When you transcribe the listing that follows, keep every line exact and omit the pictures.

_Recorded information:_
'''

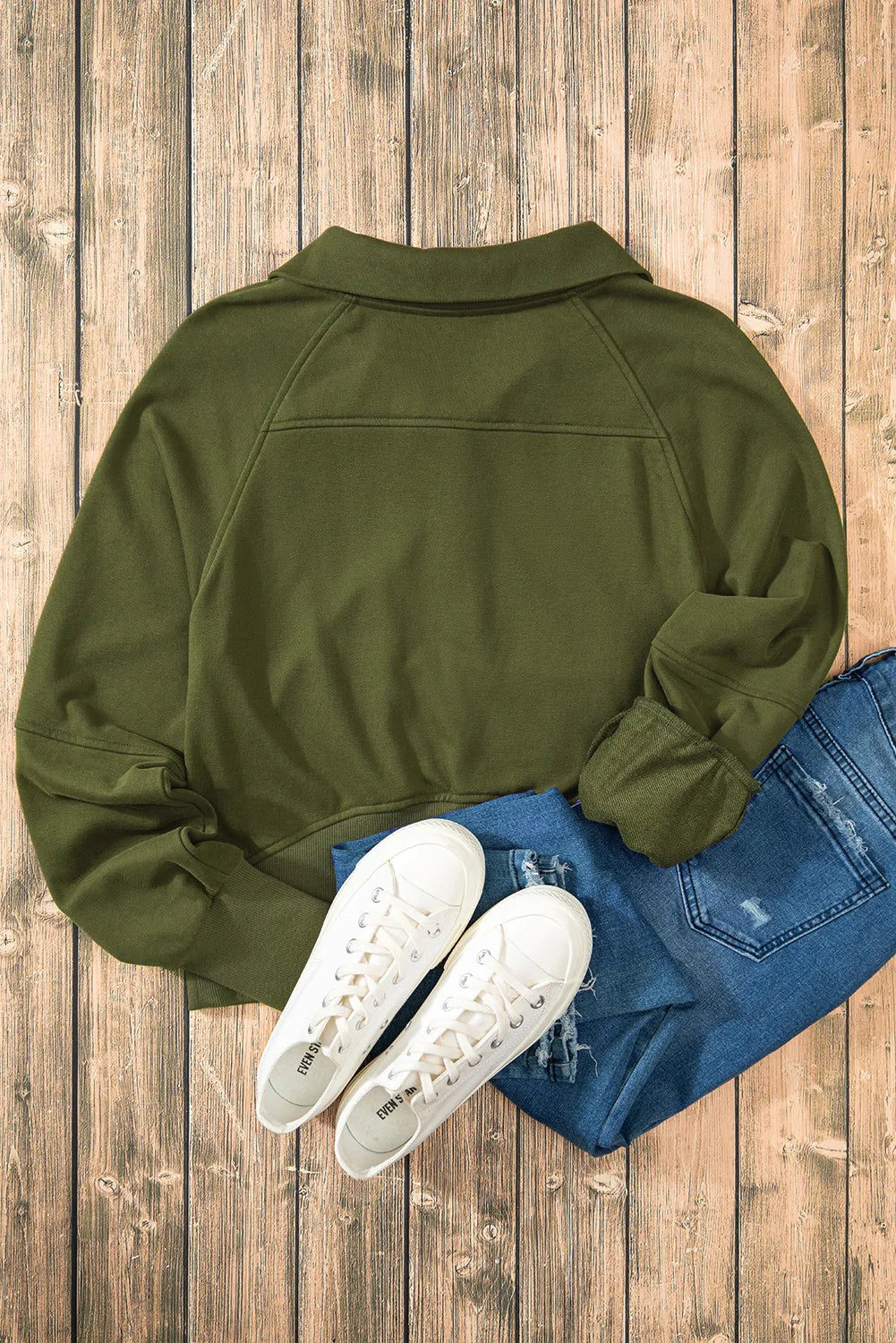 Half Zip Long Sleeve Sweatshirt (8)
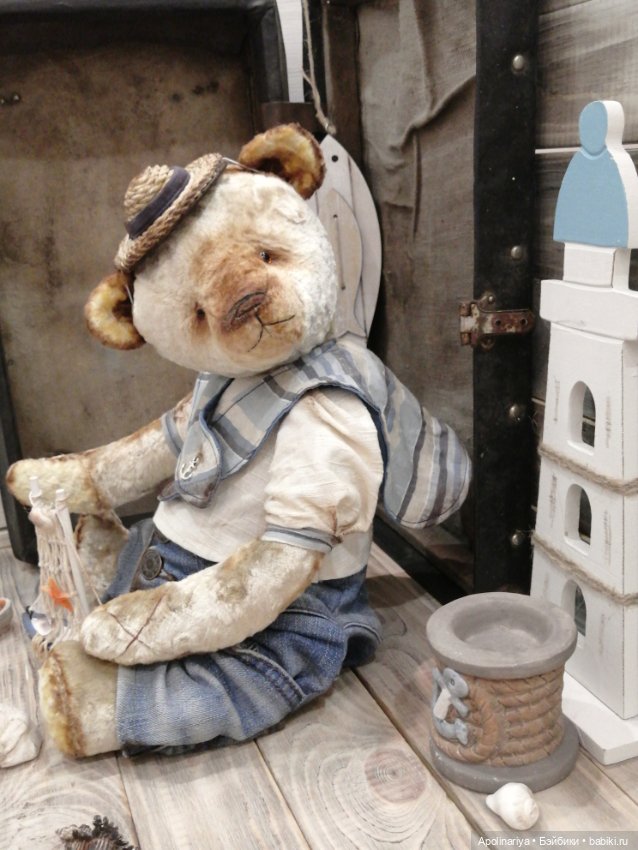 Gunter мишка - тедди — Авторские мишки Тедди и друзья: фото (фото 2)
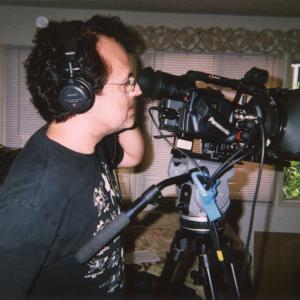 Steve Gelder directing his first award-winning short film, 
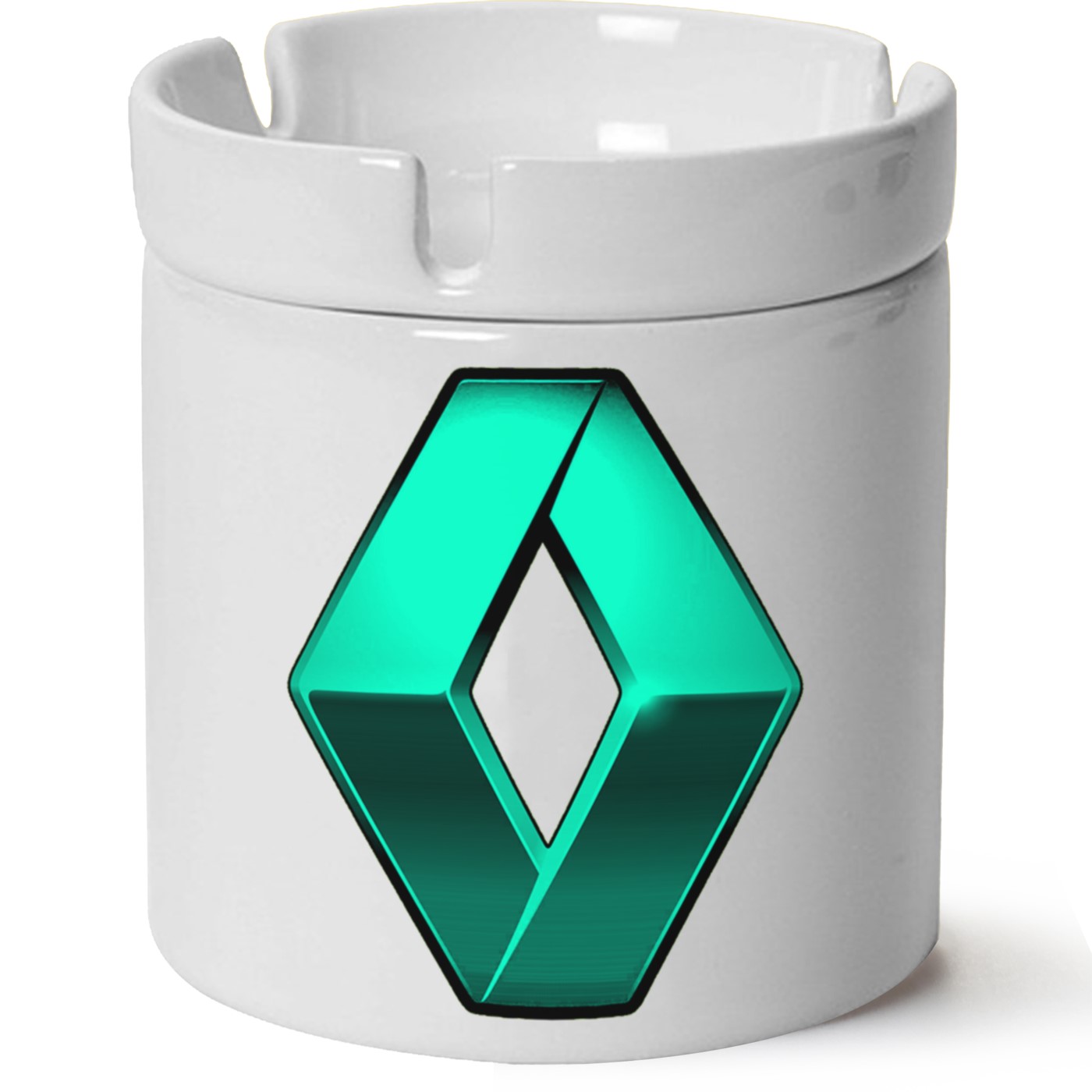 Renault Logo Baskılı Porselen At Söndür Küllük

'''

_Expected answer:_
 Half Zip Long Sleeve Sweatshirt (8)
 Gunter мишка - тедди — Авторские мишки Тедди и друзья: фото (фото 2)
 Steve Gelder directing his first award-winning short film, 
 Renault Logo Baskılı Porselen At Söndür Küllük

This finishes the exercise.